In the course of a MATLAB session, memory can become fragmented due to dynamic memory allocation and deallocation. for and while loops that incrementally increase, or grow, the size of a data structure each time through the loop can add to this fragmentation as they have to repeatedly find and allocate larger blocks of memory to store the data.

To make more efficient use of your memory, preallocate a block of memory large enough to hold the matrix at its final size before entering the loop. When you preallocate memory for an array, MATLAB reserves sufficient contiguous space for the entire full-size array at the beginning of the computation. Once you have this space, you can add elements to the array without having to continually allocate new space for it in memory.

For more information on preallocation, see Preallocating Arrays.

Allocate Your Larger Arrays First

MATLAB uses a heap method of memory management. It requests memory from the operating system when there is not enough memory available in the heap to store the current variables. It reuses memory as long as the size of the memory segment required is available in the heap.

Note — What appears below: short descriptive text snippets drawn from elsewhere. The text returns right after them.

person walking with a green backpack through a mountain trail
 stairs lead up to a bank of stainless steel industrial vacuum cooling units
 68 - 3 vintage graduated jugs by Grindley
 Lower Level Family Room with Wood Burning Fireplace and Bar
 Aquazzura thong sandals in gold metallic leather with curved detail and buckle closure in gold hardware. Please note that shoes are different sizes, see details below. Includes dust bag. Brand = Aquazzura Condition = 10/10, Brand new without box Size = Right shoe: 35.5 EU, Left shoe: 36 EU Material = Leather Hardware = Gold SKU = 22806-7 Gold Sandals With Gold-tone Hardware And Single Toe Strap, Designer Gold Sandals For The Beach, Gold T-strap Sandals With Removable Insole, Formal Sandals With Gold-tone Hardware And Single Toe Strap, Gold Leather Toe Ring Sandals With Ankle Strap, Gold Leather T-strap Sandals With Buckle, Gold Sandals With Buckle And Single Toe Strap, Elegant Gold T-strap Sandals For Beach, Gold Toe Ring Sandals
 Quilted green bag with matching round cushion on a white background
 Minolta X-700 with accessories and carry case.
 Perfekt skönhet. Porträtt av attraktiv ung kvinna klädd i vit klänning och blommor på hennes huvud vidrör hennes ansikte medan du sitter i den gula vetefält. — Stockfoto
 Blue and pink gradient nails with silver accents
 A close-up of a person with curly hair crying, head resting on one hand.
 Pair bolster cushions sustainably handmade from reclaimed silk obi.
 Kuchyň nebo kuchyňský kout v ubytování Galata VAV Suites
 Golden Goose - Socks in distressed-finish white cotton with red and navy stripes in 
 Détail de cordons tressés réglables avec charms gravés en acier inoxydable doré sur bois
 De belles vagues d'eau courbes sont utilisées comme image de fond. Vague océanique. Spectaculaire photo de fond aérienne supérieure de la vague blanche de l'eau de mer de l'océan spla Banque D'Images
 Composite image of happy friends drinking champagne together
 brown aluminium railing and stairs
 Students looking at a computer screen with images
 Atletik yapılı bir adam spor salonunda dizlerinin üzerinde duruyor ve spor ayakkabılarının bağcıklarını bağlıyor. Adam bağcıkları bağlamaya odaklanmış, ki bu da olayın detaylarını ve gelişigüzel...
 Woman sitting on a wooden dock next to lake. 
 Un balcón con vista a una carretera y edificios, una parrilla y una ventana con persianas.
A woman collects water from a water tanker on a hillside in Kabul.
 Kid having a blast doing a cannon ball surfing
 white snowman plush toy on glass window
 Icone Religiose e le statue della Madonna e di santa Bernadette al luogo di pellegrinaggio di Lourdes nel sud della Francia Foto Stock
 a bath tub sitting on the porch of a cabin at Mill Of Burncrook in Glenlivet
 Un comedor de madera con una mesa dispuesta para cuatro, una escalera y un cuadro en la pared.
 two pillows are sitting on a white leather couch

The following statements can require approximately 4.3 MB of RAM. This is because MATLAB may not be able to reuse the space previously occupied by two 1 MB arrays when allocating space for a 2.3 MB array:

a = rand(1e6,1);
b = rand(1e6,1);
clear
c = rand(2.3e6,1);

The simplest way to prevent overallocation of memory is to allocate the largest vectors first. These statements require only about 2.0 MB of RAM:

c = rand(2.3e6,1);
clear
a = rand(1e6,1);
b = rand(1e6,1);

Long-Term Usage (Windows Systems Only)

On 32-bit Microsoft® Windows®, the workspace of MATLAB can fragment over time due to the fact that the Windows memory manager does not return blocks of certain types and sizes to the operating system. Clearing the MATLAB workspace does not fix this problem. You can minimize the problem by allocating the largest variables first. This cannot address, however, the eventual fragmentation of the workspace that occurs from continual use of MATLAB over many days and weeks, for example. The only solution to this is to save your work and restart MATLAB.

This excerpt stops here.